Set down the data below in full and exactly, minus the pictures.

--- DATASET EXTRACT ---
---*---

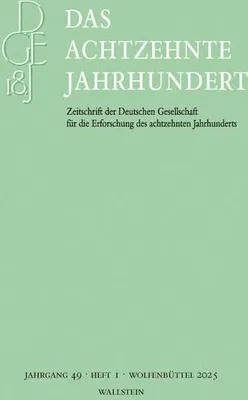Obrázok produktu pre Das achtzehnte Jahrhundert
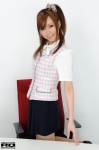 blouse chiba_sakura miniskirt pantyhose rq-star_631 sheer_legwear side_ponytail skirt vest rating:Safe score:0 user:nil!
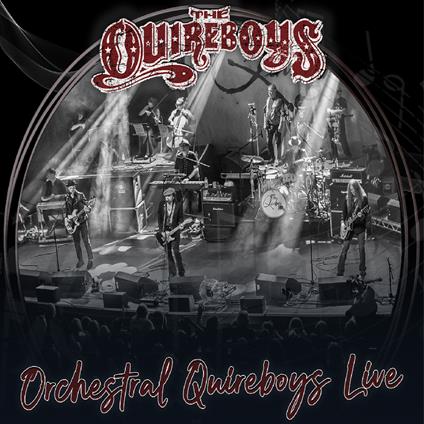 Orchestral Quireboys Live - Vinile LP di Quireboys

---*---

--- RESULT OF THE TASK ---
Obrázok produktu pre Das achtzehnte Jahrhundert
 blouse chiba_sakura miniskirt pantyhose rq-star_631 sheer_legwear side_ponytail skirt vest rating:Safe score:0 user:nil!
 Orchestral Quireboys Live - Vinile LP di Quireboys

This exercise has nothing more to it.